Par cet aménagement, la Ville souhaite améliorer le confort des déplacements à pied et réduire les îlots de chaleur.
Pas le Plateau
Sur la rue Ridgewwod, l’élargissement des trottoirs réduira le stationnement sur rue à un seul côté.
«On n’est pas le Plateau [Mont-Royal]» s’insurge Christofer Vourakis. Il n’y a pas de marcheurs sur notre rue ni de restaurants et commerces.» Il est d’avis que les trottoirs actuels de 150 cm suffisent amplement.
«Personne ne veut ça», ajoute-t-il, étayant son propos d’une pétition qui a rallié 38 propriétaires sur une possibilité de 41.
Parmi les griefs formulés à l’endroit de l’administration Demers-Boyer, l’absence de consultation et une information qui ne circule pas. «Ils disent qu’ils sont transparents, mais comment se fait-il que 100 % des citoyens sur trois rues n’en savaient rien? Vous ne pouvez pas faire des changements comme ça sans consultation ni préavis!».
Une vidéo
Résident de la rue Korman, Steve Kromidakis y va des mêmes reproches.
«Nous avons reçu une lettre datée du 6 mai détaillant les travaux sur notre rue, trois jours après le début des travaux», dit-il.
Une semaine plus tard, les quelque 110 propriétaires résidant sur les trois rues précitées recevaient un avis en provenance du Service de l’ingénierie de la Ville. Celui-ci les informait qu’une capsule d’information répondant aux questions soulevées par les travaux sur leur rue était disponible en ligne.
«On avait demandé pour une consultation, mais ils nous ont envoyé cette lettre avec un lien [menant à une vidéo explicative]» déplore M. Kromidakis.
Plus de 75 % des propriétaires (25 sur 33) ont apposé leur signature au bas d’une pétition demandant le maintien de l’actuelle configuration de la rue Korman.
Pas de plan B
Conseillère municipale de l’opposition, l’élue de Chomedey, Aglaia Revelakis, est venue à la rencontre des citoyens qui manifestaient le 10 mai sur l’avenue Webb. Trois jours plus tard, elle déposait à l’hôtel de ville les trois pétitions attestant de la contestation citoyenne de 97, 93 et 75 % des résidents des rues affectées par l’application des nouvelles normes.

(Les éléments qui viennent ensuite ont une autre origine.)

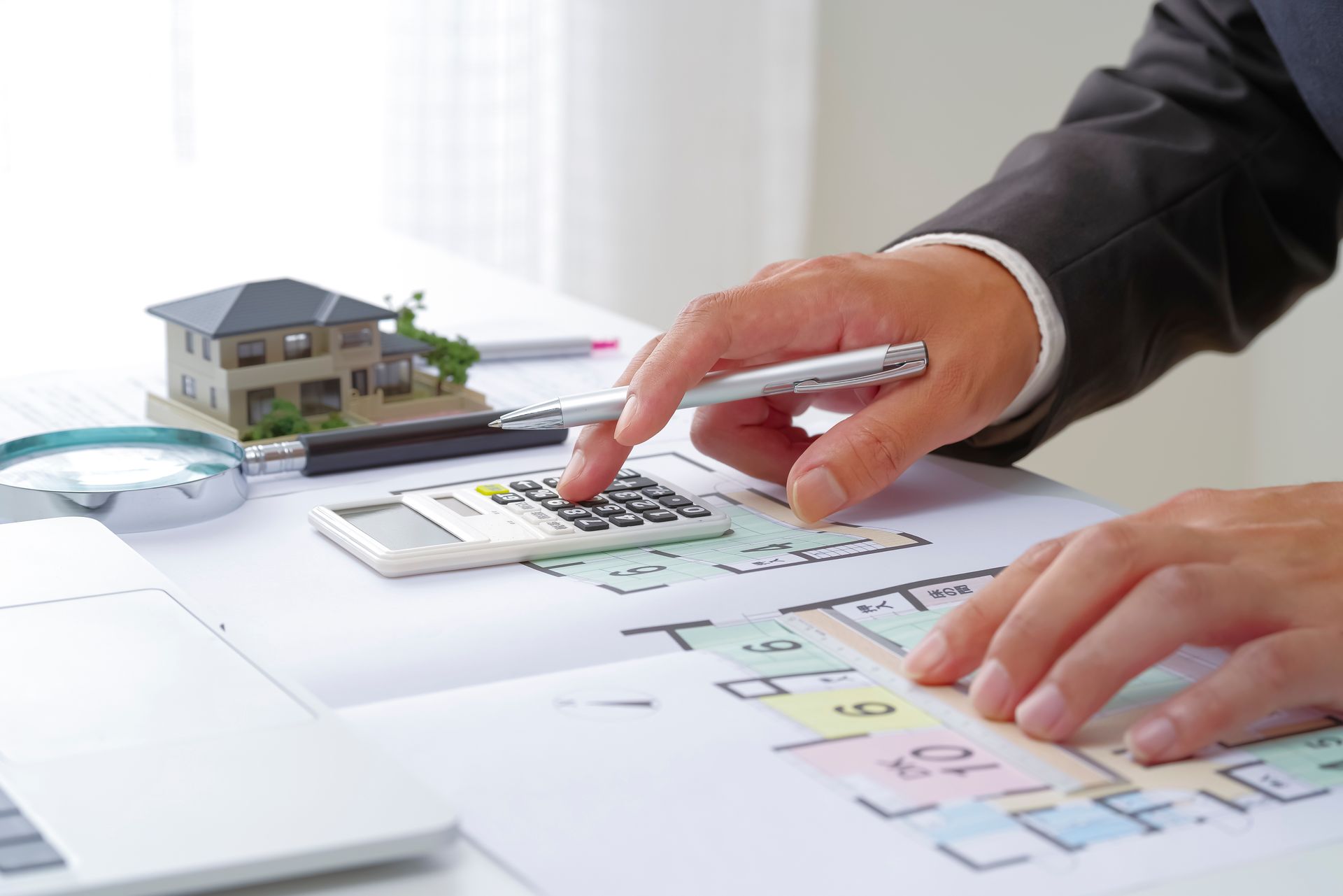 Une personne effectuant des calculs à la calculatrice sur des plans d'étage et une maison modèle.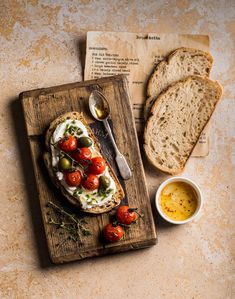 an open face sandwich with tomatoes and olives on a cutting board next to bread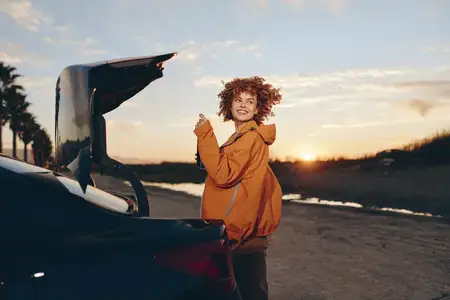 Образ жизни в поездке, на открытом воздухе, женщина стоит у открытого багажника машины на закате на пляже, вьющиеся волосы, повседневная куртка, багаж сзади, золотой свет, океанские волны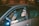 a man sitting in a car with his head out the window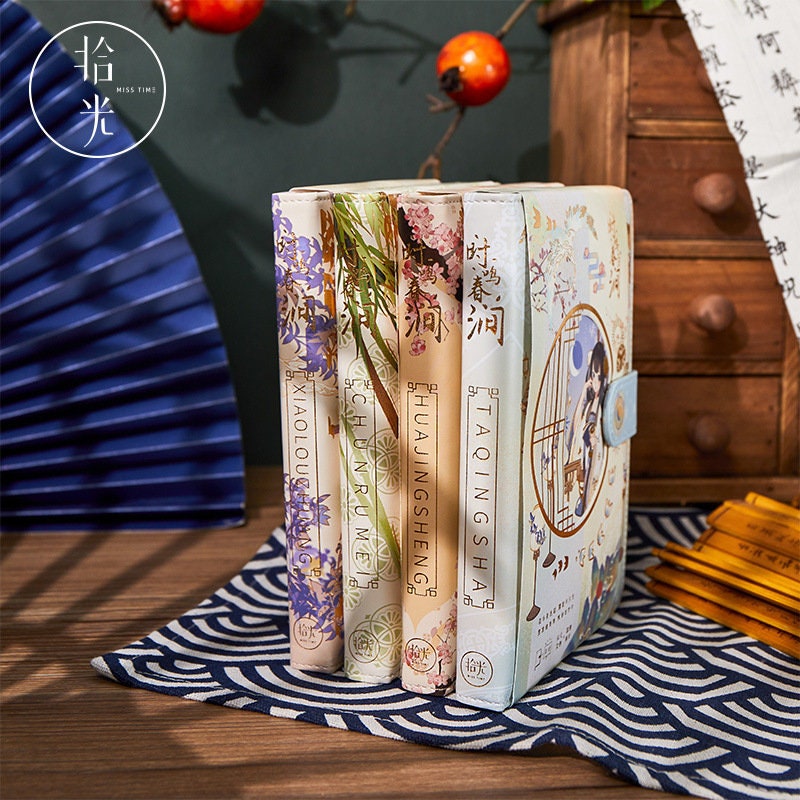 Spring Fairy Leather Journal - Anime Beauty A5 with floral and botanical spine designs, displayed on a wooden table with decorative elements.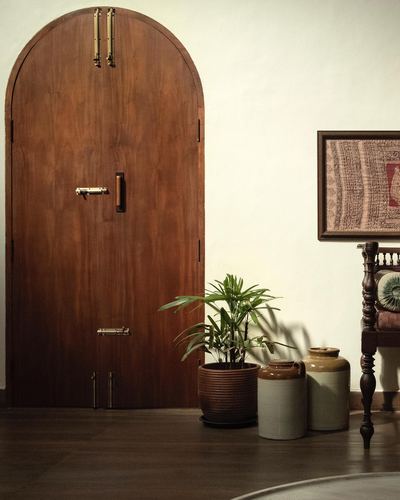 Arched wooden door with brass bolts beside potted palm and ceramic jars against cream wall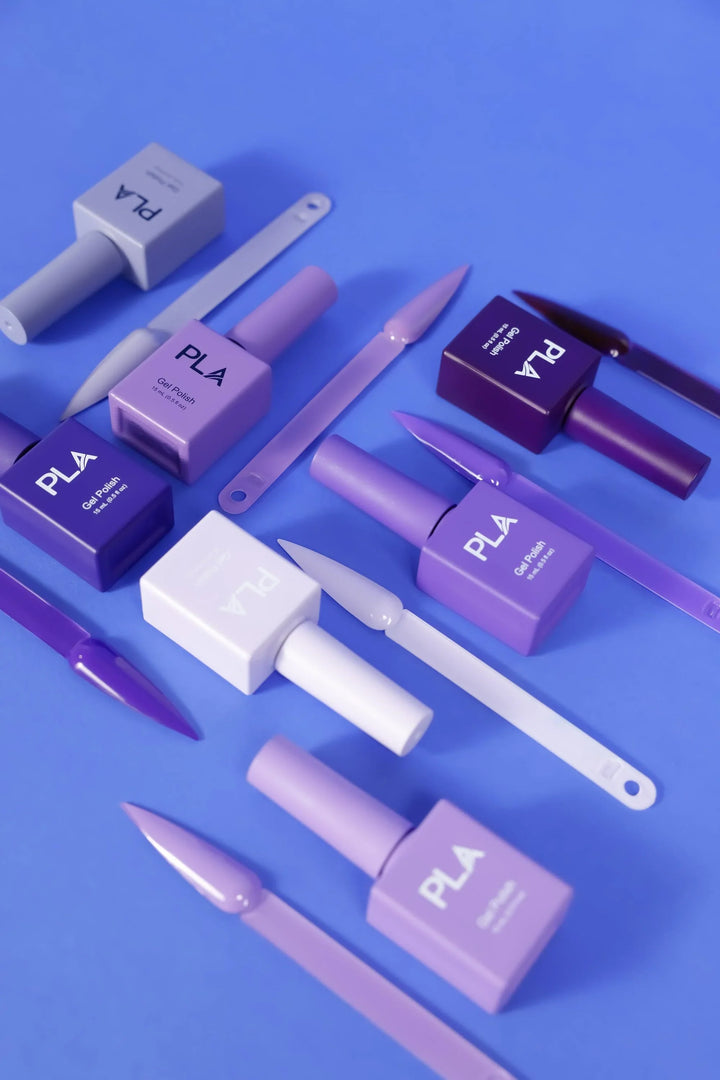 Mini nail polish sets from Paris Lash Academy — Purples (gel polishes, laying down out of box with color swatch)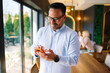 © djile - Confident businessman standing by the window and using smartphone while colleagues are meeting in the background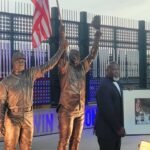 In 2001, two Seattle Mariners raised an American flag after clinching their division days after 9/11; 25 years later, that moment has become a permanent stadium statue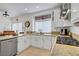 Bright kitchen with granite countertops, white cabinets, and stainless steel dishwasher at 7621 Hackensack Ct, Las Vegas, NV 89128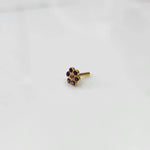 A gold flower-shaped nose pin with purple stones around a small white center stone, placed on a white background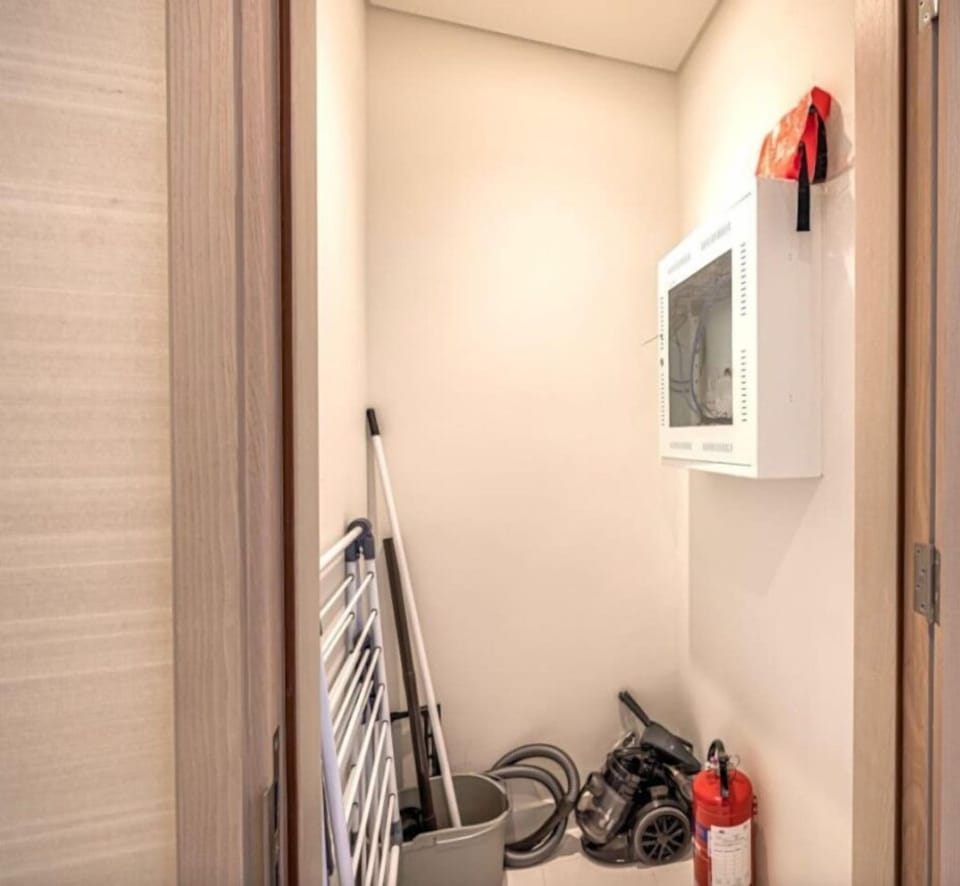 Stay prepared with the well-equipped utility room, featuring a fire extinguisher, cleaning essentials, and a convenient clothing rack for your needs.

Malheureusement pour eux, ils n’auront pas droit à un plan B comme ce fut le cas pour les résidents de la rue David, à Duvernay, représentés par une élue du parti au pouvoir.

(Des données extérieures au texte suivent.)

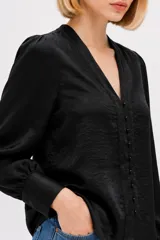 Camisa negra de poliéster satinado, de corte holgado, con cuello en V, cierre frontal abotonado y mangas largas con puños estructurados.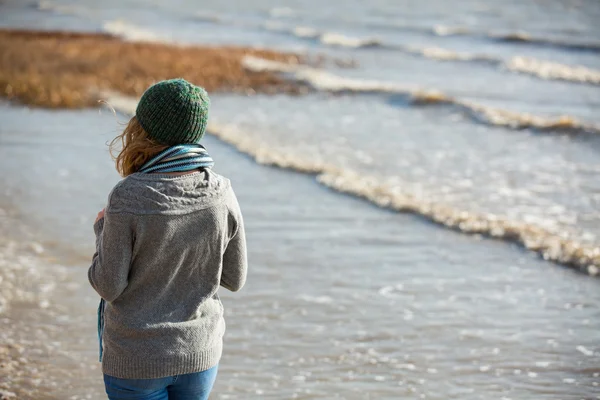 Frau geht am Strand spazieren — Stockfoto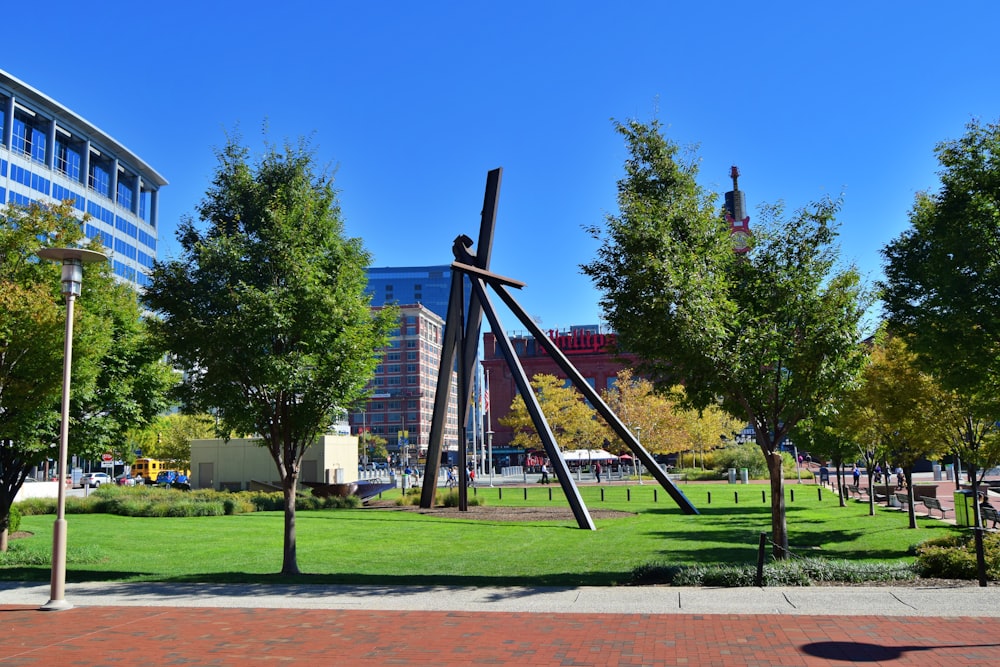 a sculpture in a park with trees and buildings in the background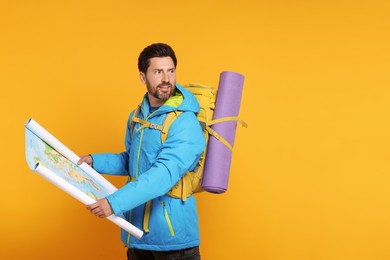 Photo of Happy man with backpack and map on orange background, space for text. Active tourism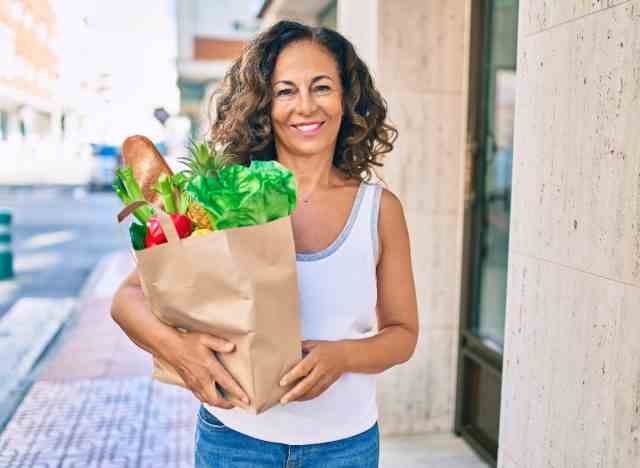 Reife Frau, die Lebensmittel hält und Gewohnheiten demonstriert, um die Muskelmasse nach 50 zu erhalten
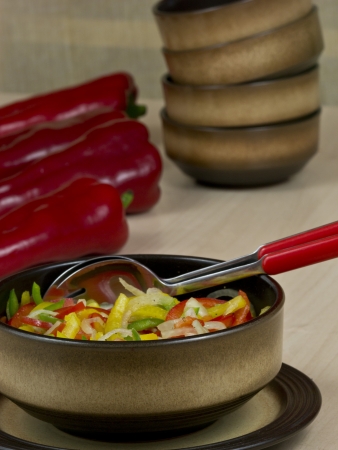 Pepper salad of yellow, red and green peppersの写真素材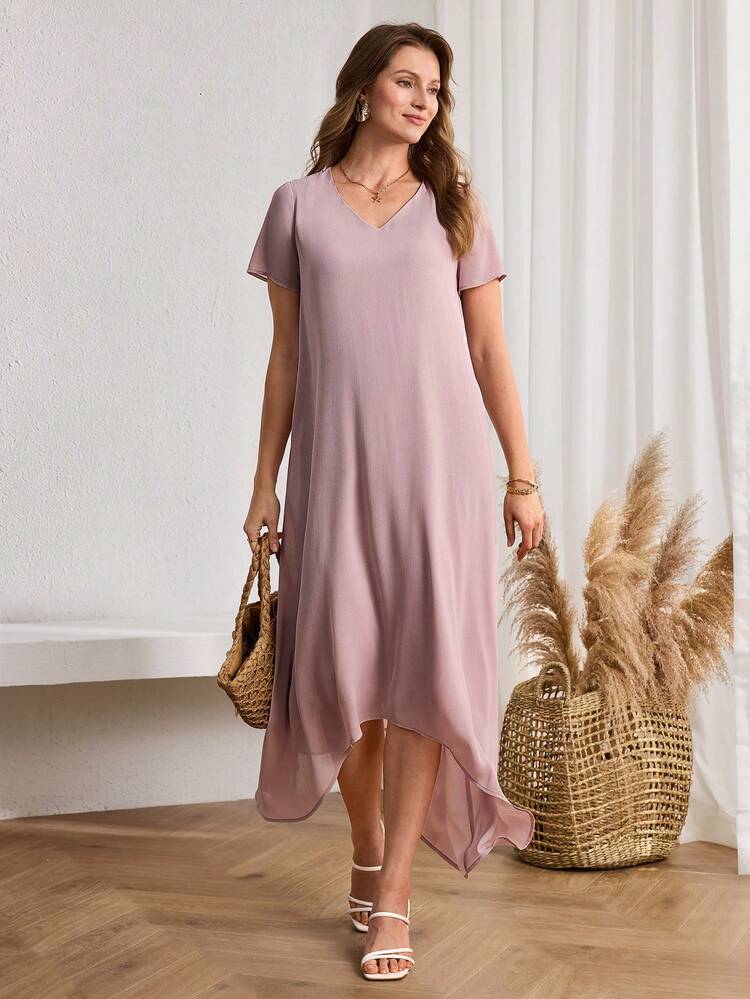 This Elegant Women's Spring/Summer Dress Features A Soft, Light Purple Hue, Exuding A Romantic Feel And Serving As A Refreshing Base For Spring And Summer Looks. The Floral Pattern Is A Solid Color Design With A Flowing Fabric, Conveying A Light And Airy Feel Through Its Simplicity. The V-Neck Short Sleeves And Asymmetrical Hem Create A Relaxed Silhouette That Flatters Various Body Types, While The Flowing Skirt Adds A Touch Of Dynamism. Perfect For Spring And Summer, This Dress Is Ideal For Casual Vacations And Relaxed Outings. The Light Purple Base Conveys A Gentle Style, While The Asymmetrical Design Showcases A Fashionable And Effortless Taste, Making It A Top Choice For Your Spring/Summer Wardrobe That Combines Comfort And Style.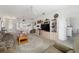 Open-concept living room and dining area providing ample seating and natural light at 5007 Kelso St, Leesburg, FL 34748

Au cabinet du maire, on explique que dans le «district de Mme Yoakim, il y avait l’alternative d’enlever des stationnements d’un côté de rue pour permettre l’élargissement du trottoir, ce qui permet plusieurs bénéfices. Dans le cas des rues Ridgewood et Korman, c’est déjà cette alternative qui est prévue. Il est à noter que selon les données recueillies par la Ville, le taux maximum d’occupation des stationnements dans ce secteur ne dépasse pas les 40 %.»

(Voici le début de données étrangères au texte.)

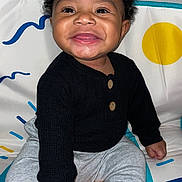 Amarjae is registered to the contest to win money with this photo: baby, smiling, child, sitting, black_sweater, gray_pants, curly_hair, play_mat, colorful_background, happy, indoors, cute, portrait, young_child, person, infant, one_person, bright, cozy, buttoned_clothing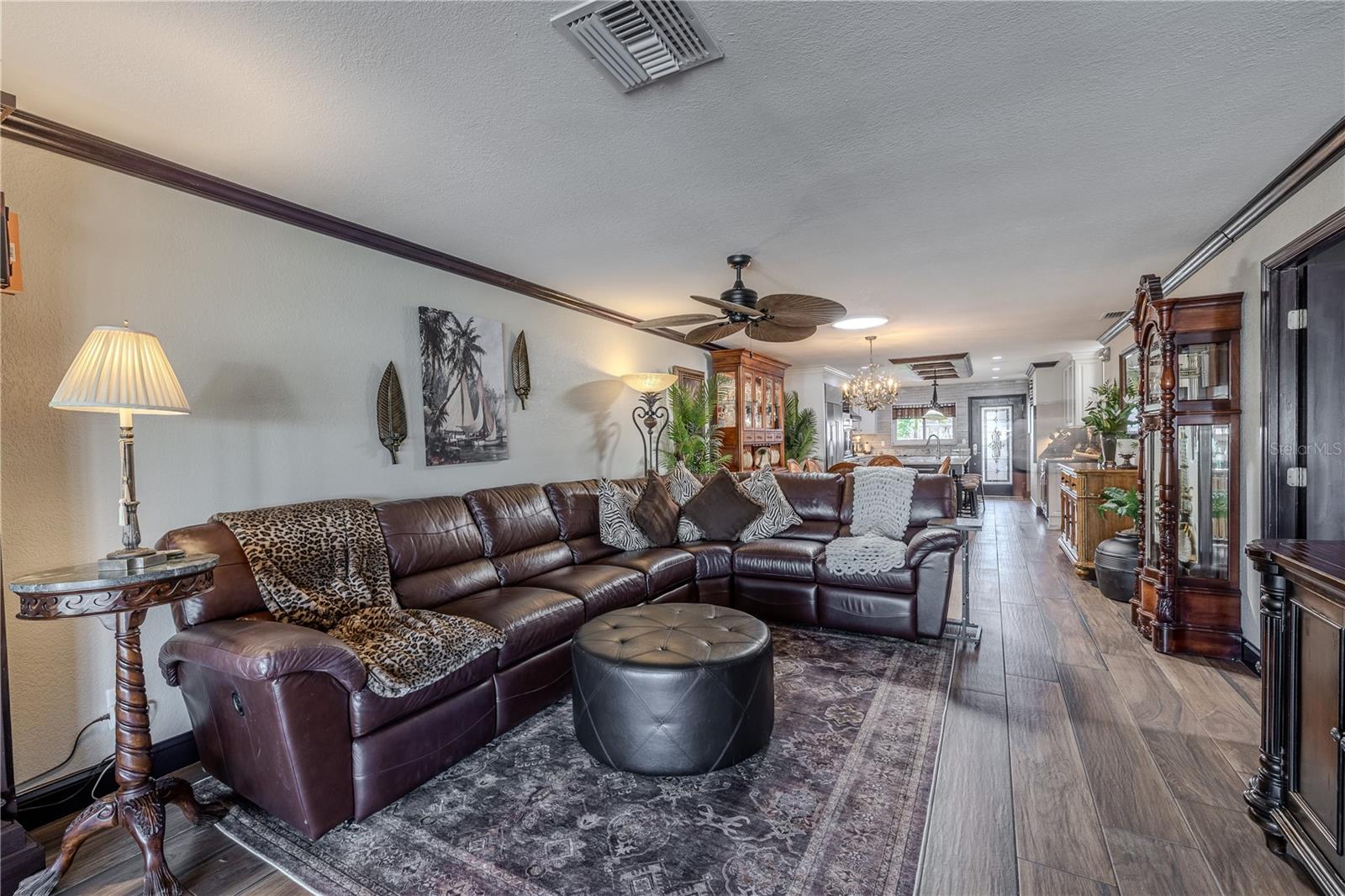 A warm and welcoming living area with timeless finishes, ceramic tile floors, and soft neutral tones that complement the home’s open design.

Quant à l’avenue Webb, le porte-parole du cabinet, Alexandre Banville, évoque un «enjeu de sécurité» alors que «les travaux servent surtout de mesure d’apaisement de la circulation afin de diminuer le problème de vitesse constaté sur cette rue».
Enfin, il assure que «lorsque des alternatives sont existantes et qui ne compromettent pas les objectifs de la Ville, les Services sont très heureux de collaborer avec les citoyens du secteur, comme dans le cas du district de Madame Yoakim.»